Está na hora de desentupir as artérias do transporte urbano hoje para evitar o derrame e a paralisia amanhã. São Paulo e Mumbai são ambas megarregiões metropolitanas com cerca de 20 milhões de habitantes e que necessitam urgentemente de soluções rápidas.
As más condições de mobilidade e acessibilidade aos empregos e serviços na maioria das regiões metropolitanas dos países em desenvolvimento são uma questão chave para o desenvolvimento.
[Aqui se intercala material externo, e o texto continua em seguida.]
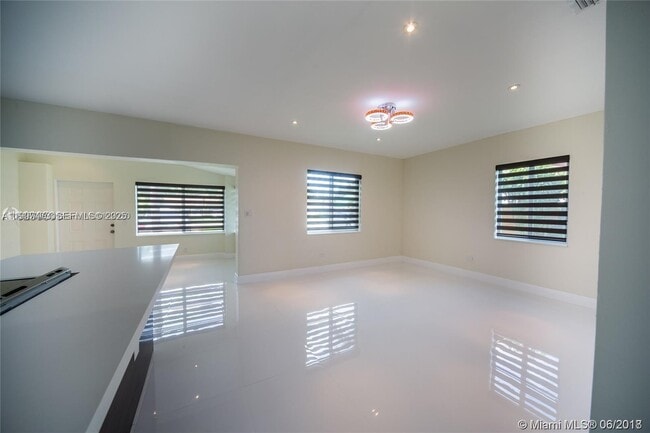 Photo - 1748 NE 180th St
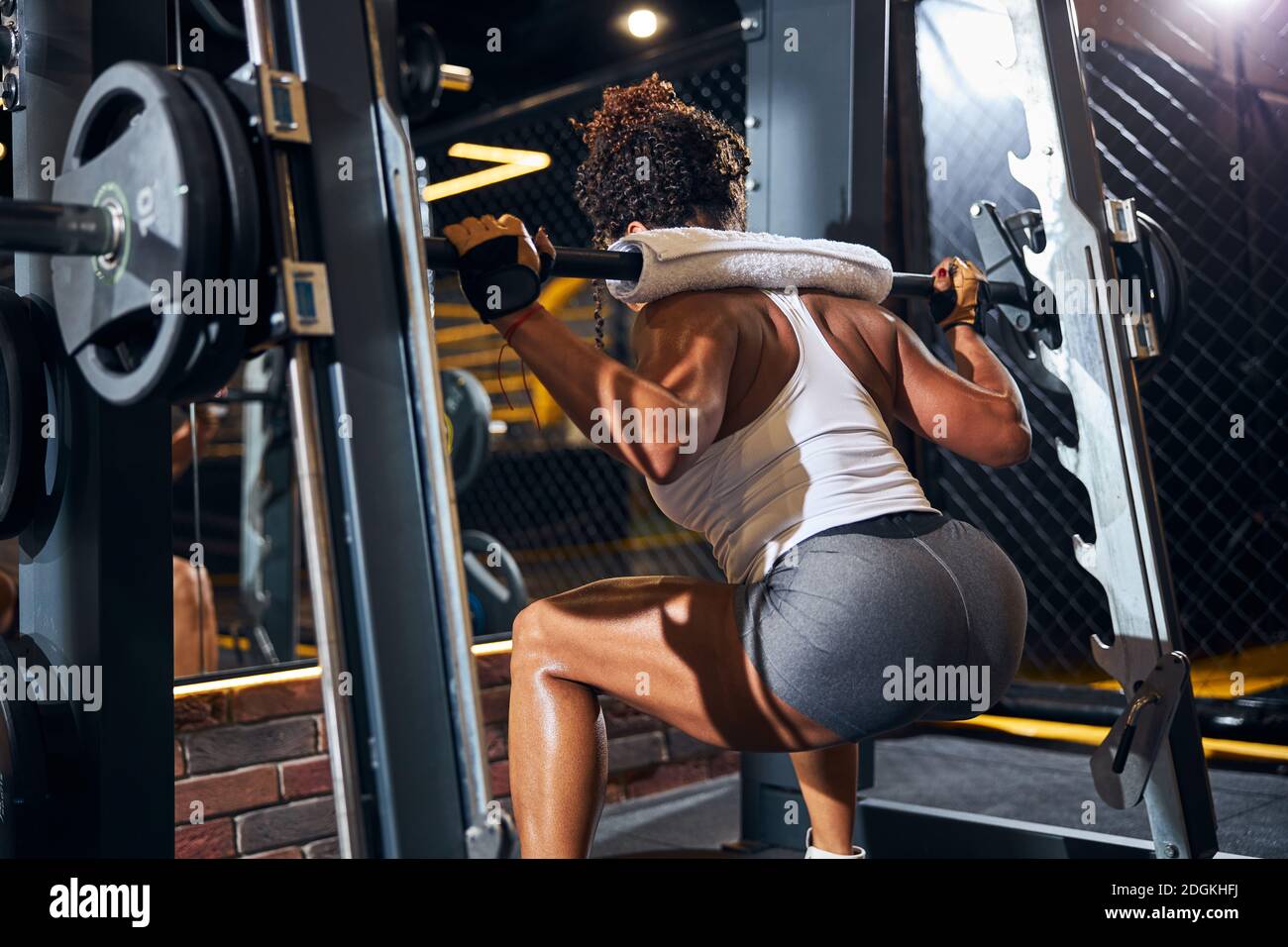 Gewichtheber beim Training mit den Fitnessgeräten Stockfoto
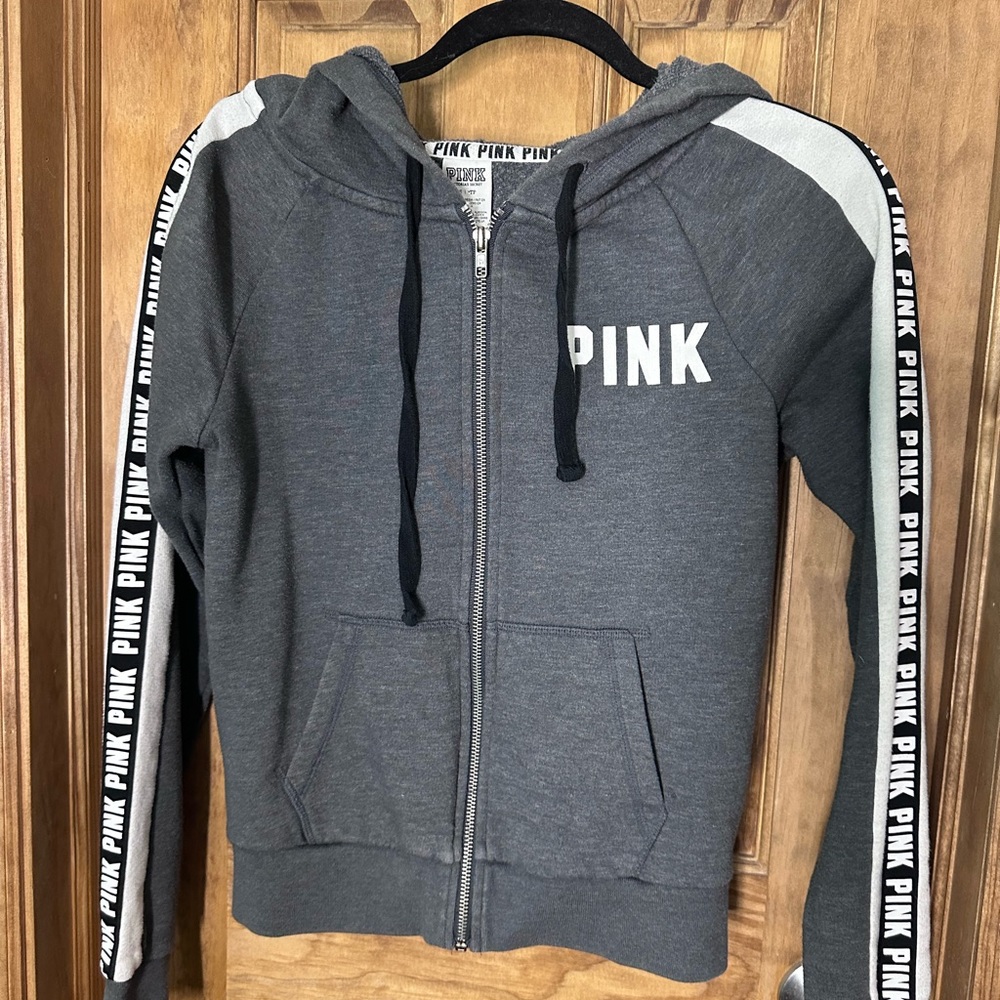 Victoria’s Secret Pink Hoodie✨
Além dos efeitos negativos para o bem-estar de suas populações associados ao congestionamento de trânsito e o tempo gasto no transporte, elas representam perdas econômicas em termos de desperdício de recursos humanos e materiais.
Isto me levou a ler com muito interesse um livro recente sobre o impacto das redes baseadas em trens em São Paulo e Mumbai, São Paulo And Mumbai: The Impact Of Rail-Based Networks On Two Bric Mega Cities(disponível no Google Play), escrito por Jorge Rebelo, um especialista em transporte que trabalhou por mais de 25 anos no Banco Mundial. São Paulo e Mumbai são ambas megarregiões metropolitanas com cerca de 20 milhões de habitantes e que necessitam urgentemente de soluções rápidas para melhorar a mobilidade e a acessibilidade de suas populações. Enquanto a população e a renda cresciam, a propriedade de automóveis e motocicletas e sua utilização também aumentou nas duas cidades. Seus sistemas de transporte coletivo estão sobrecarregados e as condições de viagem alcançam seu limite ou já o superaram nas horas de pico. O congestionamento torna-se insuportável nessas duas megacidades, e qualquer nova infraestrutura exige a realocação de casas e empresas, uma questão muito delicada que por sua vez exige um planejamento cuidadoso e investimentos pesados.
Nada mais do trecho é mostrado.